La voce di papa Prevost, diciamola tutta, è espressiva e colorita come quella di Jannik Sinner. Eppure, qualcosa è successo. Qualcosa di enorme. È successo che c’erano un milione di persone, lì davanti. E in quel milione di persone, quelle parole sono risuonate. Dentro ciascuno di loro. Le parole di un papa che parla di pace. Che dice “I conflitti non si risolvono con le armi, ma col dialogo”.
Un milione di persone. Secondo il prefetto di Roma Lamberto Giannini, è questa la cifra dei presenti. E allora, ti viene da pensare una cosa: che il papa è la più grande popstar che ci sia oggi in Italia. Perché un milione di spettatori è una cifra da popstar.

Sono quattro volte gli spettatori di un concerto di Vasco Rossi, cinque volte quelli di Ligabue a Campovolo. Sono più del concerto dei Queen a Rio de Janeiro, che nel 1985 cantarono di fronte a 700mila spettatori. In pochissimi hanno affrontato maree umani più vaste: Madonna con oltre un milione e mezzo di spettatori, sempre a Rio de Janeiro, l’anno scorso.
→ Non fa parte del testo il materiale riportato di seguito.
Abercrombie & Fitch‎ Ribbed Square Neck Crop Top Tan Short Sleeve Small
In quel ristretto club dei milionari, delle band o delle star che hanno portato più di un milione di persone a guardare tutti verso lo stesso palco, ci sono i Rolling Stone, e c’è Rod Stewart. Che portò 3 milioni e mezzo di persone sulla spiaggia di Ipanema, per il Capodanno 1994. Fece lo stesso Jean-Michel Jarre, sempre con tre milioni e mezzo di persone, quando celebrò gli 850 anni di Mosca, nel 1997. Per dire: Simon & Garfunkel, a Central Park nel 1981, in uno dei concerti più celebrati della storia, non superarono il mezzo milione di spettatori. Il papa è arrivato, dice la questura, a un milione tondo. È vero che, in quel caso, non c’era da pagare il biglietto. Ma sono comunque numeri impressionanti.
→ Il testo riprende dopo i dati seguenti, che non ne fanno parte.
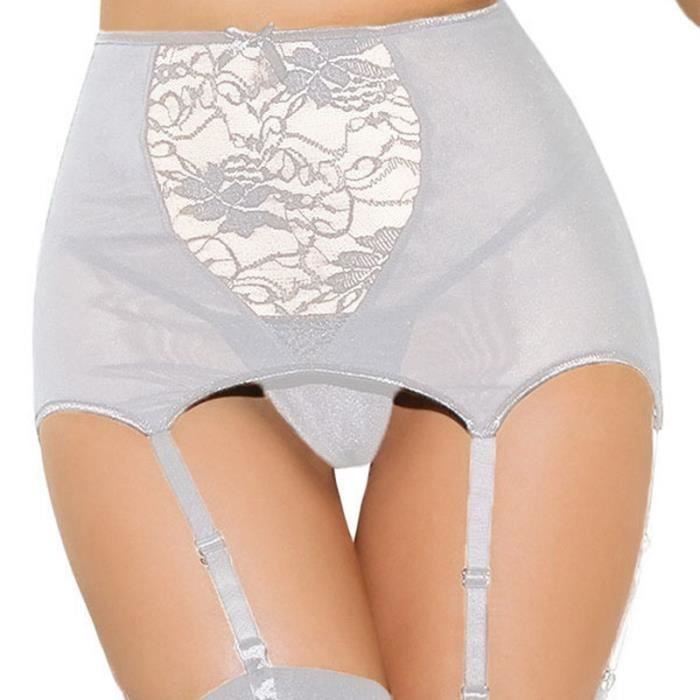 Porte-Jarretelle Dentelle Réglable Haute Grande Taille - Noir Noir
È andata bene, anche in termini organizzativi e sanitari: più di 1.300 persone sono state soccorse all’interno dei posti di prima assistenza, vittime di malori per il caldo, di stati febbrili, disidratazioni, traumi. Poco più di cento sono andati in ospedale, e soltanto due hanno accusato problemi di media gravità. Governo, polizia, 118, tutti hanno cooperato affinché tutto funzionasse bene. In fondo, il papa era pur sempre un ospite straniero, che viene da un altro Stato.
Ma soprattutto, viene da chiedersi: il papa è un fenomeno pop? E perché? Viene da pensare una cosa. Che in un momento in cui molte rockstar sembrano, per dirla con Ligabue, aver perso le parole; in un momento in cui Jovanotti si sente imbarazzato a parlare di Gaza, dicendo – con molta onestà e molta umiltà, secondo chi scrive – che non ha niente di intelligente da dire al riguardo, in questo momento il papa si prende uno spazio poco occupato dai personaggi dello spettacolo, in Italia e nel mondo.
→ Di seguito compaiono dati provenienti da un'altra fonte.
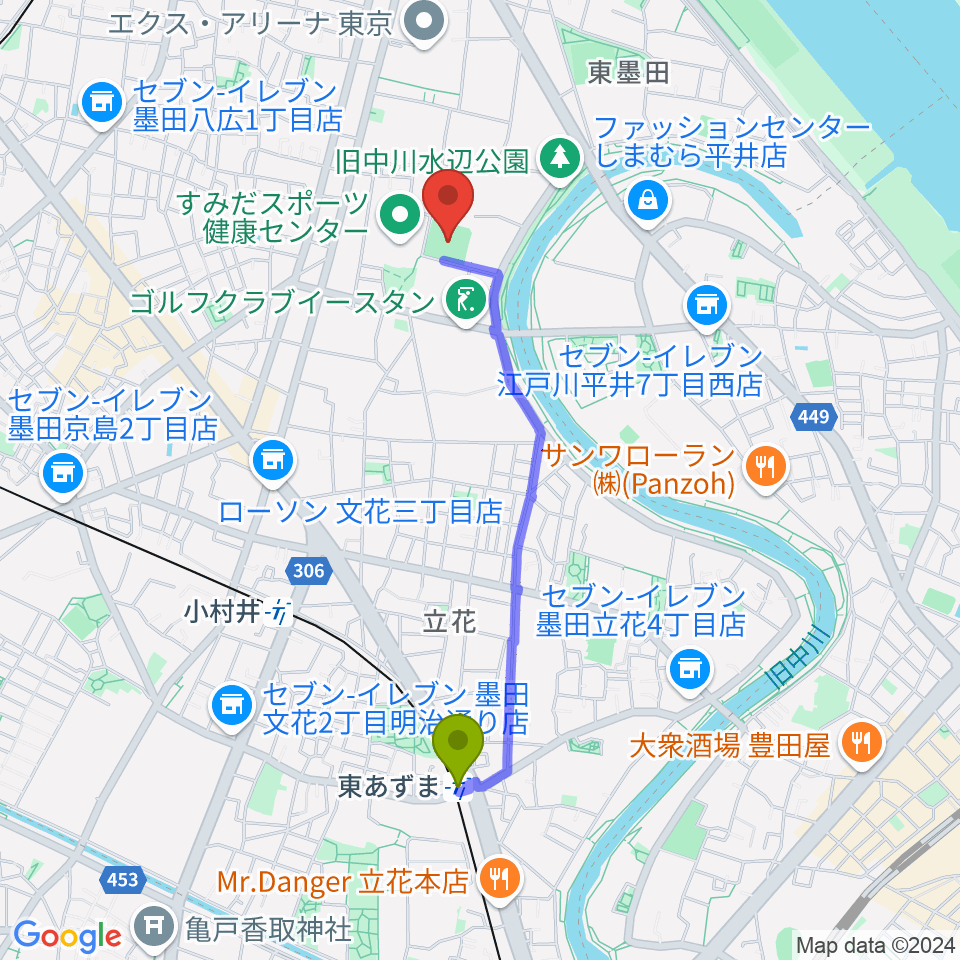 東あずま駅から東墨田ソフトボール場へのルートマップ地図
Si prende quello spazio che è sempre stato occupato dalle popstar: Bob Dylan e Joan Baez negli anni Sessanta, i cantautori italiani politici, progressisti, “impegnati” negli anni Settanta, per citare solo due esempi eclatanti. E dice parole che possono sembrare scontate ma che non lo sono: “Siamo con i giovani di Gaza, siamo con i giovani dell’Ucraina”. Non sono scontate perché – anche se il quinto comandamento dice “non ammazzare” – non sempre la Chiesa si è schierata contro la guerra; non occorre andare indietro fino alle Crociate, per trovare la Chiesa cattolica coinvolta nella guerra. E neanche fino al tempo dei conquistadores. Basta pensare, più recentemente, al coinvolgimento di parte del clero cattolico nella prima e nella seconda guerra mondiale.

Quindi, non è scontato e non è banale che il leader di una delle più importanti religioni mondiali si schieri con i ragazzi di Gaza e dell’Ucraina. E poi, è importante perché dice di stare con i giovani di Gaza, che sono musulmani, e con i giovani dell’Ucraina, che sono cristiani ortodossi. Ed evidentemente, c’è tutta una generazione che guarda con speranza a quell’uomo vestito di bianco. Che conclude dicendo ai giovani “Aspirate a cose grandi, coltivate il vostro sogno”. In questi anni di disillusione, di mancanza di speranza, sono in pochissimi a dire ai giovani “coltivate il vostro sogno”: lui, e qualche giudice di MasterChef.